Da un punto di vista personale questo non ha un grosso peso per me. È solo un concetto a metà strada tra la storia e il mito. Possiamo però chiederci senz’altro se nella mostra Ultima Thule sia un luogo della memoria per cui si prova nostalgia oppure un “luogo senza ritorno”. Le mie immagini si prestano ad entrambe le interpretazioni e questo è quello che più mi interessa: la possibilità di dare significati molteplici alle rappresentazioni.
Le immagini che lei disegna hanno una qualità un po’ perversa e per certi versi seducente. Crede che esista una parte dell’essere umano che bisogna reprimere o magari, al contrario, liberare?

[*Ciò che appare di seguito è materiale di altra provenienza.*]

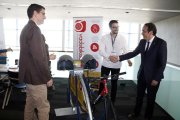Pla obert del conseller de Territori i Sostenibilitat, Josep Rull, encaixant les mans amb els responsables d'una empresa que ofereix solucions d'aparcament per a bicicletes, a firaReus, el 19 de maig del 2017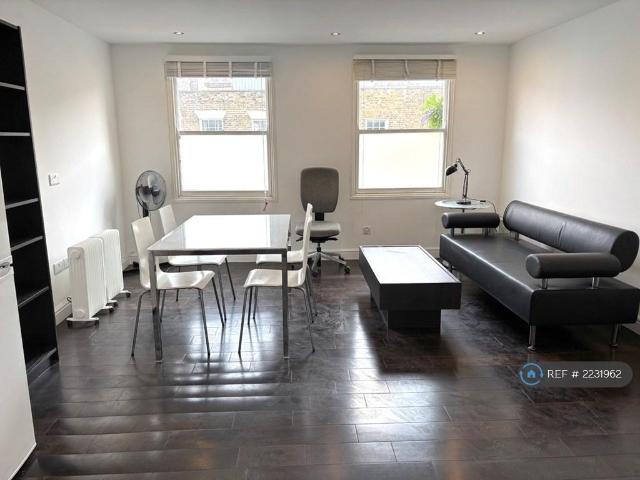 Apartment for rent in Fitzrovia, Greater London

In tutta onestà nutro un certo scetticismo sul fatto che l’arte debba occuparsi di queste questioni. Non c’è nulla di tutto questo nella mia pittura. Il fatto che si possa intravedere un che di perverso – kinky - nelle mie immagini credo che sia dovuto soprattutto al fatto che il mio nome d’arte trae in inganno. Tra l’altro è dovuto ad un malinteso e ad un errore di traduzione. Negli anni ‘90 ho allestito due mostre dal titolo “Kinky Texas Graffities” e in quell’occasione mi sbagliai nell’usare l’inglese, intendevo più una cosa come “Shady Texas Graffities”, graffiti malfamati, o qualcosa di simile. Da questo errore di traduzione nacque il mio nome d’arte, il che accadde prevalentemente per opera della stampa. Io ero giovane e la cosa mi divertì molto, perciò ci sono rimasto fedele.